She’s muttering under her breath as she sits beside me on a couch. On both side of her are stacks of papers she rifles through. On her lap is a computer she bangs away at. It’s 9 o’clock at night, and she is once again trying to figure out the best pathway for a child to thrive.

Indulge me today. I’m writing about my wife. On Friday afternoon, Kathy Quinn will walk out of a school for the last time as a full-time teacher, closing out a career that started 45 years ago.

She will have tears in her eyes, surely, because she will miss the kids. For 45 years, she has been all about the kids. Forty-five years of working long past the end of the school day. Of buying book after book on the latest theories about education. Spending her own money for prizes in the discount aisle at Target, to reward her students. And, always, every day, teaching.

I was there when she started. I spent a day with her when she was a student teacher, all fresh-faced and nervous. The night before, I had watched her make a “feely box,” a milk crate-sized cardboard cube covered with decorative paper, into which she would insert objects for students to blindly reach in, touch and describe. Little did I know then that I’d bear witness to a lifetime of nightly toils in service to those kids.

A ”feely” box you ask? What kind of teacher needs that? Kathy is a special education teacher. Every child she has worked with had issues to overcome, areas requiring extra strategies to help them succeed. Every child was different. Every solution was different. What never changed was the inexhaustible patience needed to help them. (I’ve often thought that patience is the sole reason she could put up with me all these years.)

And she is just one of many thousands. All across the land are countless more teachers investing the same care, money and patience in their students. Helping our children become their best selves.

I think of teachers like I think of nurses. Heroes among us. It’s one reason I can’t understand the villainizing of them in recent years by politicians. I’ll warrant that everyone reading this can cite one or two who were key in their formative years.

I had two who stand out.
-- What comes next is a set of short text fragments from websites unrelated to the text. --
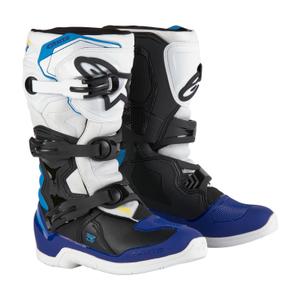 Detské topánky na motorku Alpinestars Tech 3S Youth 2024 bielo-čierno-modré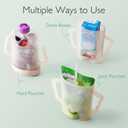 Momcozy Baby Pouch Holder No Squeeze, Baby Food & Juice Box Holder, Mess-Free, Easy Grip for Self-Feeding, BPA-Free & DEHP-Free, Must-Have for Babies, Pink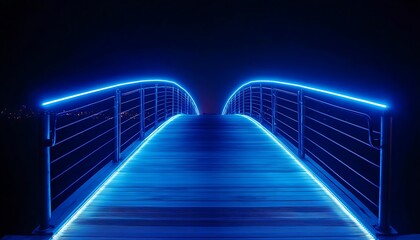 Fototapeta premium Illuminated bridge at night.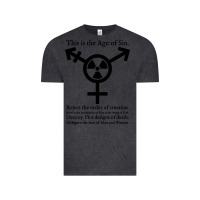 Vintage Black this is the age of sin   transgender symbol Vintage Tee - artisFamous
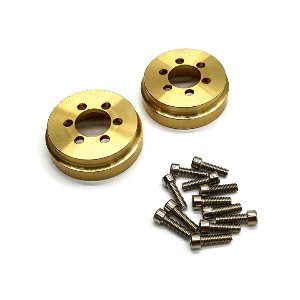 Internal brass wheel weights (2) for CN beadlock wheels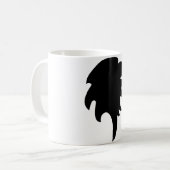 Leo Astrologisches Symbol Zeichen 7 Kaffeetasse (Vorderseite Links)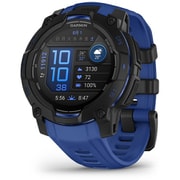 Instinct 3 AMOLED （インスティンクト スリー アモレッド）45mm Black / Bolt Blue（ブラック / ボルトブルー）シリコンバンド Suica対応 次世代タフネスGPSスマートウォッチ 010-02936-33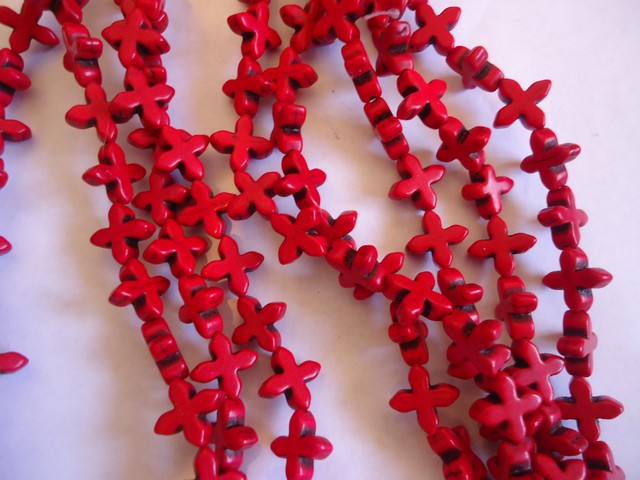 (image for) Red lipstick Rosette crosses #1416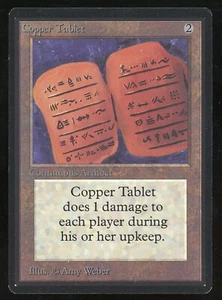 Tarjeta Magic The Gathering 1993 Magic The Gathering beta tableta de cobre sin procesar casi nueva tarjeta de juego TCG - Imagen 1 de 2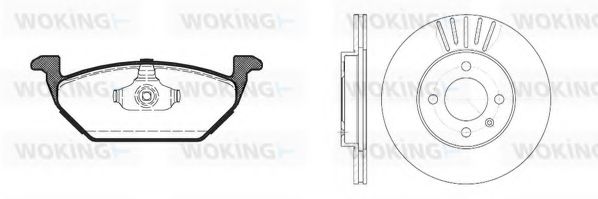Комплект тормозов, дисковый тормозной механизм WOKING 87333.03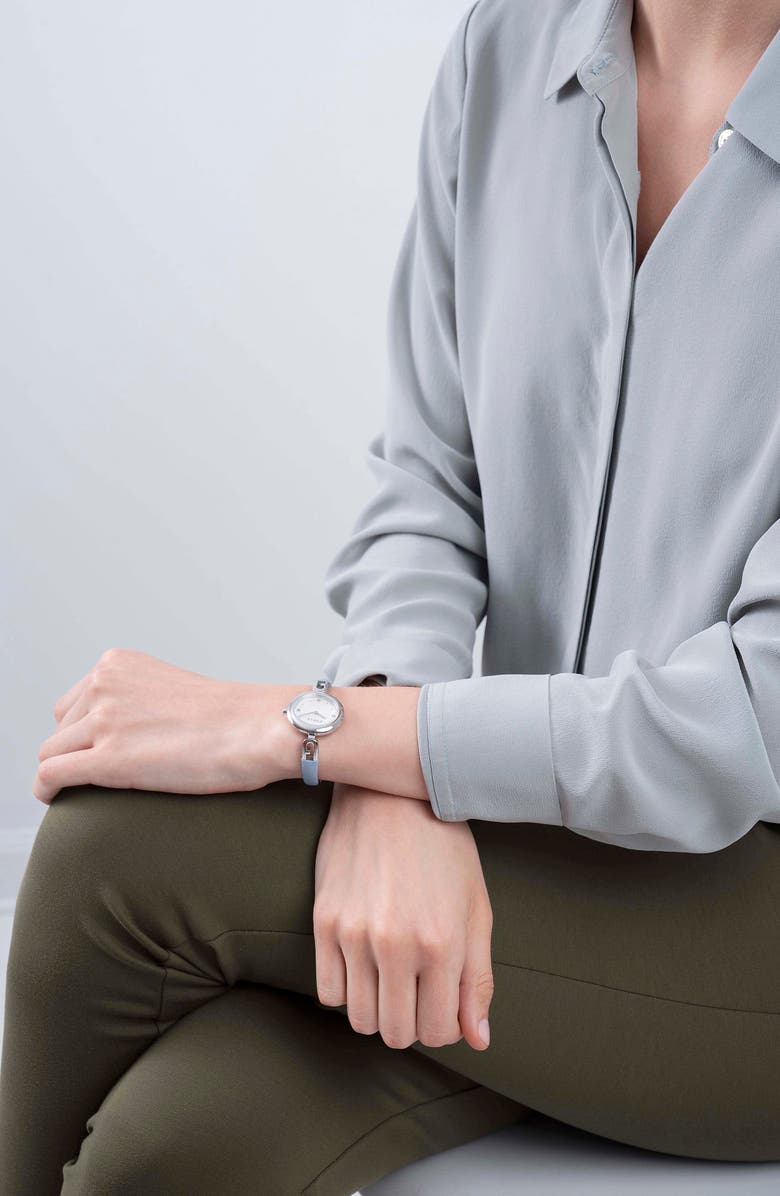 Furla Bangle Leather Strap Watch, 28mm, Alternate, color, 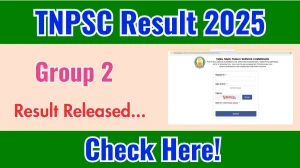 TNPSC Group 2 Result 2025 Out at tnpsc.gov.in, Direct Link to Download Result PDF Here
After going through first grade with a nun who constantly berated me for my terrible handwriting, causing me high anxiety and sore ruled-slapped knuckles, my second grade teacher, Jean Pilkington, let me know I’d be OK. She worked with me to get better while letting me know that doing my best, rather than unattainable perfection, was the goal.

The second was Tom Gowan, an English teacher at Holy Cross High School in Delran, N.J. I had the good fortune to be in his class two years in a row, and through his exploration of literature and writing, he helped a goofball of a kid like me to see the wonders of this world that I had been too daft to notice. Self-reliance. The questioning of authority. Justice. Love. Beauty. He was passionate about all of it, and every day with him was an adventure of learning. His classroom was my launched me toward adulthood.
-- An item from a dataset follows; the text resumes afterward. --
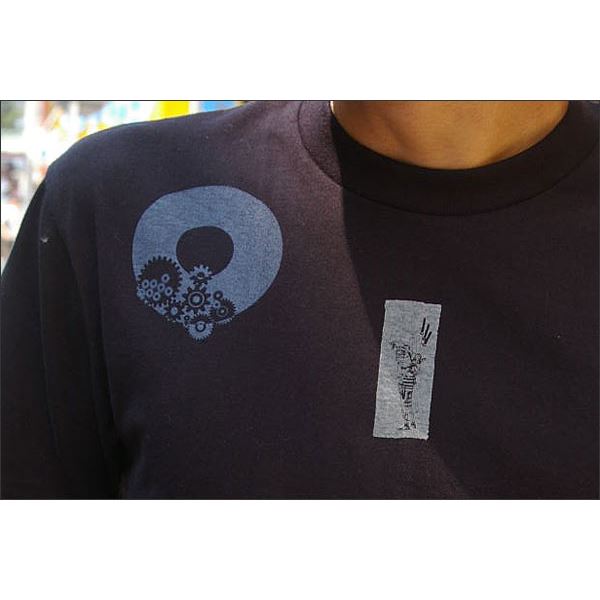 戦国武将Tシャツ 【加藤清正】 Sサイズ 半袖 綿100% ブラック(黒) 〔Uネック おもしろ〕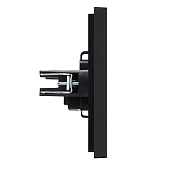  Розетка встраиваемая без заземления, цвет черный, IEK FORTE&PIANO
Who doesn’t have a story like that? It’s why I say teachers are heroes.

Kathy’s colleagues had a retirement party for her and two colleagues a couple of weeks back, and the room was packed with educators. Some had retired a decade ago. Some have decades of teaching left in their careers. As I looked around the room, I thought how every one of those teachers does what Kathy does, investing themselves so completely in the work. Lesson plans. Individualize education programs. Report cards. Strategies designed for each student in need. In that room I saw centuries of nights spent working to help students thrive.

The dedication is breathtaking, but I’m sure some reading this are thinking teachers have it easy because they have summers off. Believe me, they need the break. Their work is intense.

My wife started in a New Jersey school district with such low pay that she had to get a part-time job at a Friendly’s Restaurant just to make ends meet. And because she kept changing jobs, moving with me as I switched newsrooms, she didn’t get to retire as early as many teachers. Most don’t do 45 years.

I should feel guilty about that, but I know that every extra year she worked, some students in Solon, where she taught for the last 28 years, benefitted. She loves those kids. She’s not even out the door for the last time yet, and she’s already talking about going back into a school this fall to volunteer for an hour or two a day. I was surprised to hear from her retired colleagues at the party that they, too, kept working with kids after they began collecting pensions.

That’s what I mean when I talk about their dedication.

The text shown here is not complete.